= Task description =
Look through the material below. Return exactly the lines from the one with "218 002-4 bei" through the one with "Building Photo - 9466 Boca Cove Cir", both included.
(Beginning of Data records)
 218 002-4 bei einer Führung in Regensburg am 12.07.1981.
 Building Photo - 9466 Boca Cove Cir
(End of Data records)
(Beginning of Data records)
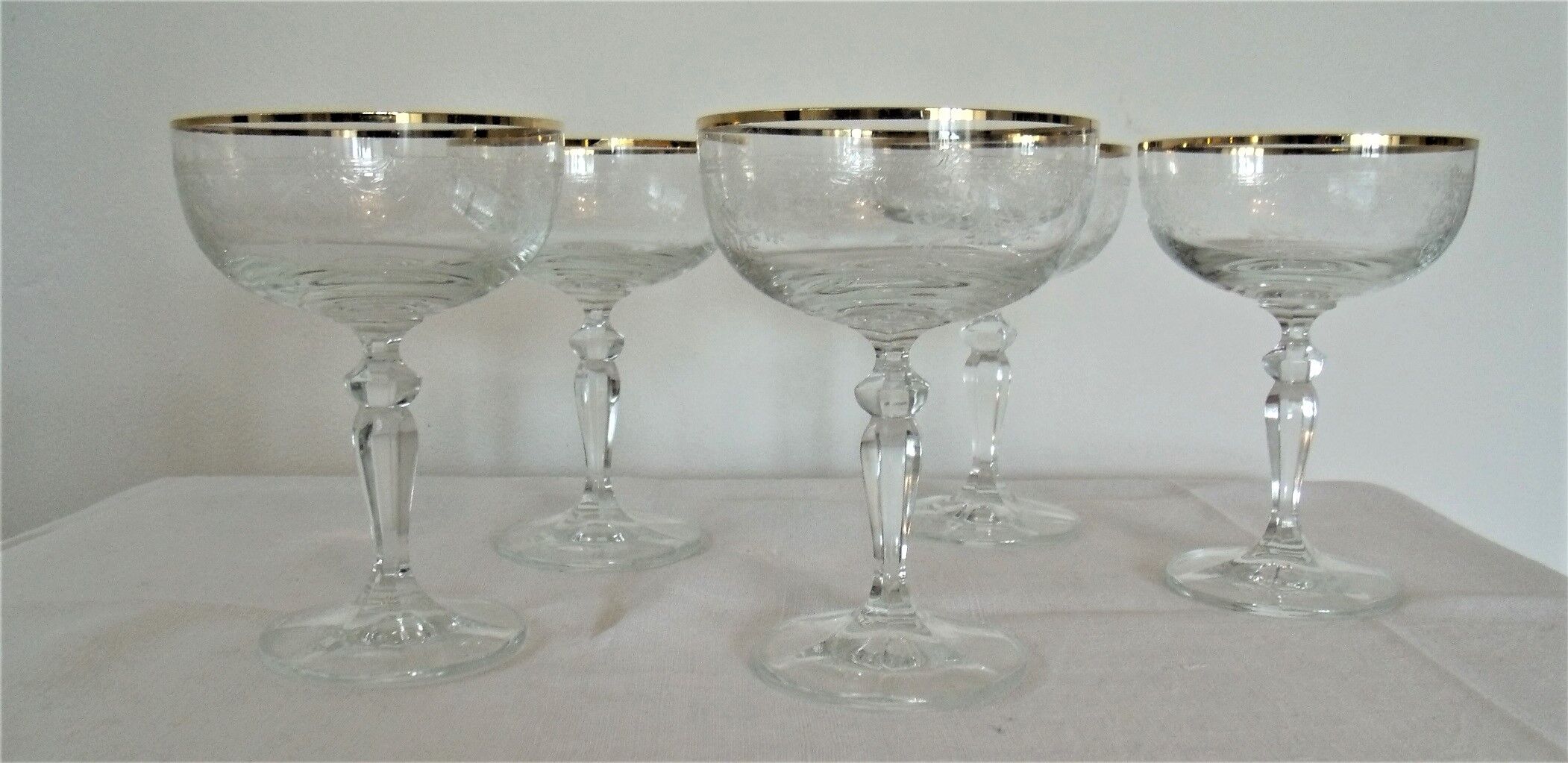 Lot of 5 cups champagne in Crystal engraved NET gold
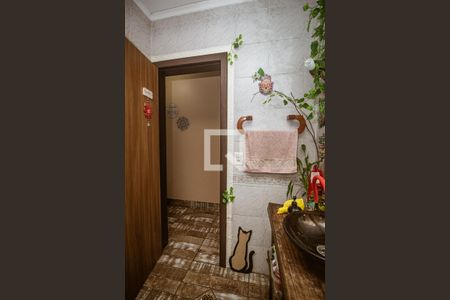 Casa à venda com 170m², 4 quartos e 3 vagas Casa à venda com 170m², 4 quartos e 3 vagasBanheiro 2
(End of Data records)
= Output for this exercise =
 218 002-4 bei einer Führung in Regensburg am 12.07.1981.
 Building Photo - 9466 Boca Cove Cir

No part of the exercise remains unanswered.